Jorie Jacobi is a twentysomething writer, artist, blogger and St. Louis native. Endlessly fascinated by people, she writes and tells stories as a knee-jerk reaction to being alive. She constantly finds herself in awe of St. Louis and the people here who make it such a beautiful, inspiring place.

Crafting Greatness: Executive Chef and Partner of Niche, Adam Altnether

Adam Altnether, the 26-year-old chef/entrepreneur/prodigy and business partner of local cuisine celebrity, Gerard Craft, has a resume that is so staggering I’m curious if the person behind it will be at all normal. Or possibly obese– it’s always shocking when chefs aren’t. I don’t understand how that kind of restraint is possible, being around delectable eats all day long.

Altnether graduated from the Culinary Institute of America in New York City and landed his first job as a prep cook at Niche under Craft’s tutelage at just 21. Since then, he worked his way up to helping Craft with his colony of restaurants, opened his own place, and is now chef and partner of Niche, Pastaria, Taste and Brasserie. Nope—no way this person is normal.

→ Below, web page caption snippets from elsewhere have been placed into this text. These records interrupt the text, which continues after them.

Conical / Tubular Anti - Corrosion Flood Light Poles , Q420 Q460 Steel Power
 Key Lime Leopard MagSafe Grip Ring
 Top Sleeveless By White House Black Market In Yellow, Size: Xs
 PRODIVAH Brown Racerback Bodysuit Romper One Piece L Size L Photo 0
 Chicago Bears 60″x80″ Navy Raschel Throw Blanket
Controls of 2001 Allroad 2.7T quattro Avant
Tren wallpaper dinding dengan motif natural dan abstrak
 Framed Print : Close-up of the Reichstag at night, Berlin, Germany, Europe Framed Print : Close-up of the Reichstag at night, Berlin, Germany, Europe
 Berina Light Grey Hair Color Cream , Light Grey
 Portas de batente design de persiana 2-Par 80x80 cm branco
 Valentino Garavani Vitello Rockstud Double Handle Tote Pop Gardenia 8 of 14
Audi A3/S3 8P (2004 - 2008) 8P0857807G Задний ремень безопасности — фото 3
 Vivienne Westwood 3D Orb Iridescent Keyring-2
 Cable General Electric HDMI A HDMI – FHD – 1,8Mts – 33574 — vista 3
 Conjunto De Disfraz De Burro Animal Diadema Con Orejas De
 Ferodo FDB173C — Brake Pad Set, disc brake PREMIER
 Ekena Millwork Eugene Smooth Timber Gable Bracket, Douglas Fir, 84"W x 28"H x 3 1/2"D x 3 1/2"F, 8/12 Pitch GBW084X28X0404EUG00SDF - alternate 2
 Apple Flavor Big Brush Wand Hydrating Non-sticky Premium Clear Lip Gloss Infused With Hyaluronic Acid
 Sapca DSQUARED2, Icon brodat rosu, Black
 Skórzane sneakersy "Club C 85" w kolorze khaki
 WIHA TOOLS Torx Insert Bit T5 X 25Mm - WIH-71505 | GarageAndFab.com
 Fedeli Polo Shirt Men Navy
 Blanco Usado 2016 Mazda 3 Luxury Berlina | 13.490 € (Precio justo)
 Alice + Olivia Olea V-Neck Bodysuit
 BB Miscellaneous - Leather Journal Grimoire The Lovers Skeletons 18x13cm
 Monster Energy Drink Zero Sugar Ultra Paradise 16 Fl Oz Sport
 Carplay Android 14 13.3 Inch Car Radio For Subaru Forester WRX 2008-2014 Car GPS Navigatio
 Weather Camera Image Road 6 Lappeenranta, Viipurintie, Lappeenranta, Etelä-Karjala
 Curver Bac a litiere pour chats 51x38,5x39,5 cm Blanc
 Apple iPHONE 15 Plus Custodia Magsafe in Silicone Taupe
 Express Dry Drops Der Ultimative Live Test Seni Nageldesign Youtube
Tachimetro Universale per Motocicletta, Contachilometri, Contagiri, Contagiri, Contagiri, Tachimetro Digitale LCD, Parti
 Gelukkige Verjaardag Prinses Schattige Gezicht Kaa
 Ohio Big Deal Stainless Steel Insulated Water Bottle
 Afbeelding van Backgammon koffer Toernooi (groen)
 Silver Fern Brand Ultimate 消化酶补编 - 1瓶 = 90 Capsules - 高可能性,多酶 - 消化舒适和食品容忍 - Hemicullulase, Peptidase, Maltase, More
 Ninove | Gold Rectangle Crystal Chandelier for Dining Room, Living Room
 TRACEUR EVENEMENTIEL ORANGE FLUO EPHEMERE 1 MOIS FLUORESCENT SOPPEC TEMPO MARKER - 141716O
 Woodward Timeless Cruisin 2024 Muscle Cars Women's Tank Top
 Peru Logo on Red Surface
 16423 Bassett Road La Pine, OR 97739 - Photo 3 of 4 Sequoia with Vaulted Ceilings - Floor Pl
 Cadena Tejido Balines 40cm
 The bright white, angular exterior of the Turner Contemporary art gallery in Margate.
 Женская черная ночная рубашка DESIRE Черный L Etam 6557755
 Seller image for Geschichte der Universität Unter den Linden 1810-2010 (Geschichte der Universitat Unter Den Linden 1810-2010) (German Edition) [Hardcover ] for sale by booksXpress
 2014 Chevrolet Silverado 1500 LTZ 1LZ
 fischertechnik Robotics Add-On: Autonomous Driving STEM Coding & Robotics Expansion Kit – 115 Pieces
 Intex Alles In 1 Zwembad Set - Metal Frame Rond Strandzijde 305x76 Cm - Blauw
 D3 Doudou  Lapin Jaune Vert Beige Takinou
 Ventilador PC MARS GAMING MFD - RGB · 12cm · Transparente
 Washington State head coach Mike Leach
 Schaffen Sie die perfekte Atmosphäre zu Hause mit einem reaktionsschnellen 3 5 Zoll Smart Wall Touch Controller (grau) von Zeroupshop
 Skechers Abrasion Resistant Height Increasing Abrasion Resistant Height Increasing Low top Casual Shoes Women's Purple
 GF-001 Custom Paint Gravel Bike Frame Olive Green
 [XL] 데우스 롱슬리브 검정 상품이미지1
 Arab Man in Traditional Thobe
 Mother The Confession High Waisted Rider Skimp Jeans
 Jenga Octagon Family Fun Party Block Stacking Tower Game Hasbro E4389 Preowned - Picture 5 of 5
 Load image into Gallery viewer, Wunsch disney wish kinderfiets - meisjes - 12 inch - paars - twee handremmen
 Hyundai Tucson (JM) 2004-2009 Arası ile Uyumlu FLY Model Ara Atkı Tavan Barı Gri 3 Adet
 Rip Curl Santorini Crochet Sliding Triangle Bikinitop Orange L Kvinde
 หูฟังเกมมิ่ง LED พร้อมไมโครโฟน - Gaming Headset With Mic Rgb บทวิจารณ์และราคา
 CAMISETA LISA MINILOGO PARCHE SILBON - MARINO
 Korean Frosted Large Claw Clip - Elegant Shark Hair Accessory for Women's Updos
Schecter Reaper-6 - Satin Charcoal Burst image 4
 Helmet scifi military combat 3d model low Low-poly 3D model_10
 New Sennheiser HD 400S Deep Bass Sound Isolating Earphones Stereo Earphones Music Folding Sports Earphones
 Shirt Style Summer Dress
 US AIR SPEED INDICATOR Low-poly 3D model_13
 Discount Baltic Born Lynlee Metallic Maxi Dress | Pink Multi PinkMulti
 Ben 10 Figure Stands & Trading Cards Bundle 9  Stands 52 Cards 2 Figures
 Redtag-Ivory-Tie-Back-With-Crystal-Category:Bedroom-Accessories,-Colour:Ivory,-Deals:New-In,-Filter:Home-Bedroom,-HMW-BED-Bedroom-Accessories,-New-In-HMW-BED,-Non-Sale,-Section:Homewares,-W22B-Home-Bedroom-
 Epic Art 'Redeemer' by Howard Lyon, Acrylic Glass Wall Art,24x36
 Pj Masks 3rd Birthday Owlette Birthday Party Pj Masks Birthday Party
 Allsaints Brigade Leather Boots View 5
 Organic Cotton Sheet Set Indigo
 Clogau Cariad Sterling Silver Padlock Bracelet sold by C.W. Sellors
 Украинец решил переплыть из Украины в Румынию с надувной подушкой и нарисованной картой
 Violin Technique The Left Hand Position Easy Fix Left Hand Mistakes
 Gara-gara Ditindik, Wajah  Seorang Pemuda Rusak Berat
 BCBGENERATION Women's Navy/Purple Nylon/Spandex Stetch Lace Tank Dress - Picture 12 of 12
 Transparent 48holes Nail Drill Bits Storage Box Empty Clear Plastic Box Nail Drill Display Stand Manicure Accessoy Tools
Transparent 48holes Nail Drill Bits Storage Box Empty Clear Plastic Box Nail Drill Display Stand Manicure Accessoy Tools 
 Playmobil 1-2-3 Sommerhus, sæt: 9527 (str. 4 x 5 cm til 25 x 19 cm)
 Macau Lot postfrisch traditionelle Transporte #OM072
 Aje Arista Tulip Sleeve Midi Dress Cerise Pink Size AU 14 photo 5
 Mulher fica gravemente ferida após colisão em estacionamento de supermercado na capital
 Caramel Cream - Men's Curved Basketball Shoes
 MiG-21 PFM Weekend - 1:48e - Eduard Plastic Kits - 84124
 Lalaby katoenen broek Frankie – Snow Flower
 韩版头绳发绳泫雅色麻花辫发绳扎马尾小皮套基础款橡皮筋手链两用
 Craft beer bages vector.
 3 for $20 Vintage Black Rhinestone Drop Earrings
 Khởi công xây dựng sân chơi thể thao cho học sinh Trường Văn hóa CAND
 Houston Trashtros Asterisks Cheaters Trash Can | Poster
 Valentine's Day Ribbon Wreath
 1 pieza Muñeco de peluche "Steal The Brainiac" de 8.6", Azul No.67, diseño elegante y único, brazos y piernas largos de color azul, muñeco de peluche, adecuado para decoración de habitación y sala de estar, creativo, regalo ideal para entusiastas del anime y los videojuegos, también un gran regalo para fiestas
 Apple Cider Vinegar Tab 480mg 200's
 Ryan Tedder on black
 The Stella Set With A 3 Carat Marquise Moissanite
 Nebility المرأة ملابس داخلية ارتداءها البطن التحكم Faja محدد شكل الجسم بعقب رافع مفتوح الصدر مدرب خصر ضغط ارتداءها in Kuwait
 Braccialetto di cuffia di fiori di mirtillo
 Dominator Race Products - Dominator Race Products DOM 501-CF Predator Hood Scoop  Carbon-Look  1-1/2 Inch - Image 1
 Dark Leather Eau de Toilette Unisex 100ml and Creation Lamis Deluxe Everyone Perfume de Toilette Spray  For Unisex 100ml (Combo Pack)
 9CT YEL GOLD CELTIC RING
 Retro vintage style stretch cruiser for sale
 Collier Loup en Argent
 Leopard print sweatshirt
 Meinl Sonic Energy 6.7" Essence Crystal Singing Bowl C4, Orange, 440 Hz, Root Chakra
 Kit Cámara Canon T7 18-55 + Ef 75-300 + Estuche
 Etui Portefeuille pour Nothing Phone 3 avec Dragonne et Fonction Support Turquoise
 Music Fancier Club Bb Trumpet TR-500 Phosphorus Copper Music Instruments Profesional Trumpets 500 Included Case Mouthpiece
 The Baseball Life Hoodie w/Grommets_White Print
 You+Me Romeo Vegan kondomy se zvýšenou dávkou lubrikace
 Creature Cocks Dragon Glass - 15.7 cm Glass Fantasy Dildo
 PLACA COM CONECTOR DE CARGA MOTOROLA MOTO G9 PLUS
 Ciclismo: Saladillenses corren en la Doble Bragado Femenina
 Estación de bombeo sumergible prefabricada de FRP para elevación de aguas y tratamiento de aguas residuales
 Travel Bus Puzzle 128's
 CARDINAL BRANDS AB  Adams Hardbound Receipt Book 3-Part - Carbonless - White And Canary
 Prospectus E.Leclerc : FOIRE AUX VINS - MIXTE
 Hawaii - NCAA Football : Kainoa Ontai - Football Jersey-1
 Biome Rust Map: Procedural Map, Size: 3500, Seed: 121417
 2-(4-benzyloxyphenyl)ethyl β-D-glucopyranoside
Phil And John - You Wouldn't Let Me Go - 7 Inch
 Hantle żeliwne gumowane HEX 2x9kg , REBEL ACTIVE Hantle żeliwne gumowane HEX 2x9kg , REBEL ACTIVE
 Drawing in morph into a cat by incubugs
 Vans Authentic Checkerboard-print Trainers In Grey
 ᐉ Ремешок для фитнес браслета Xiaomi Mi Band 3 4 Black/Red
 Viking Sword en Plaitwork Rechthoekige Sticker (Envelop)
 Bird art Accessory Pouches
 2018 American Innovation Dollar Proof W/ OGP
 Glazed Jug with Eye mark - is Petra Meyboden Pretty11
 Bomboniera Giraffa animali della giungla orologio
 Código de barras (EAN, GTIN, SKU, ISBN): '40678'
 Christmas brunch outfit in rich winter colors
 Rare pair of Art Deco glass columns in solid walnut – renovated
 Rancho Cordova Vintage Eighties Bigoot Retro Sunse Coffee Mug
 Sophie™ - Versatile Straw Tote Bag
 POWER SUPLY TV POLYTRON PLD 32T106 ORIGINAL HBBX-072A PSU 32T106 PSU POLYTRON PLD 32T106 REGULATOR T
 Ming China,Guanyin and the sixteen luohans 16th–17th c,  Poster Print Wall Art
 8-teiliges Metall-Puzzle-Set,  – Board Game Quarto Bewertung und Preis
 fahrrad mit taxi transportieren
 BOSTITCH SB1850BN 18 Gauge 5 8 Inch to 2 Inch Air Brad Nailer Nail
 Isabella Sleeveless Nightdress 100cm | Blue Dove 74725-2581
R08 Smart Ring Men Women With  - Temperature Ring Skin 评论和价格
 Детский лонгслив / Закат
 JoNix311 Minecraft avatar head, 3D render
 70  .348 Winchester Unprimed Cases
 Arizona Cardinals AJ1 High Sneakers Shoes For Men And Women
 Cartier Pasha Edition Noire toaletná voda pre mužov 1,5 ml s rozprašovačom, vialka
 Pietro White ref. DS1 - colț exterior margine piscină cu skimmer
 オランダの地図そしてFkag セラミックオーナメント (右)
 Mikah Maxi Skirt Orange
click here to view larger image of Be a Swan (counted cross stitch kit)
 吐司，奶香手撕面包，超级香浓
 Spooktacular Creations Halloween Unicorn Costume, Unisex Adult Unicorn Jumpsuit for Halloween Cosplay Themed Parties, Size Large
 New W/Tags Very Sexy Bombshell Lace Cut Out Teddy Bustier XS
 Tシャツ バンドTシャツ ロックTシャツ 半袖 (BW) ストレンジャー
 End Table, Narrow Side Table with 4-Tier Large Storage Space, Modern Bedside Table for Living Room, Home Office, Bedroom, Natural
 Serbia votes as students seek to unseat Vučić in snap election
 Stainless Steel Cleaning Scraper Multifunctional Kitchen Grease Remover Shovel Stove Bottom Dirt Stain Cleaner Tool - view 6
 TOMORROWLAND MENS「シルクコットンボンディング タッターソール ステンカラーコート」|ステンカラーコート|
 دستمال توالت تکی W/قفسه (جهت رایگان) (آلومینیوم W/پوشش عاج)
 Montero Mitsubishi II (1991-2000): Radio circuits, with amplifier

When I walk into Niche, Altnether greets me and asks if I’d like anything to drink. He has a deep voice, with vocal inflections that are surprisingly non-robotic. They’re varied and earnest. Normally he has a pen or some variety of writing utensil behind his ear, but not today. Casually dressed in a t-shirt and jeans, not even a little bit obese, he sips coffee from a tea cup and prepares to take on another day of insanely long hours. As our crew prepares to film in the restaurant, it’s clear Altnether feels much more comfortable in the kitchen behind the scenes, rather than being under the lights and cameras. All eyes in the room are on him.

“Are they not going to hear you?” he says, as a slight look of terror darts across his face.
“No, they won’t hear me at all,” I tell him.
“Oh, that’s weird,” he says, laughing.
“No no, trust me, that’s the good part,” I respond.
“Should I be looking somewhere else?” Altnether asks.
“You’ll be looking at her.”
“Look at her?” he says, resettling towards me. “Cool.”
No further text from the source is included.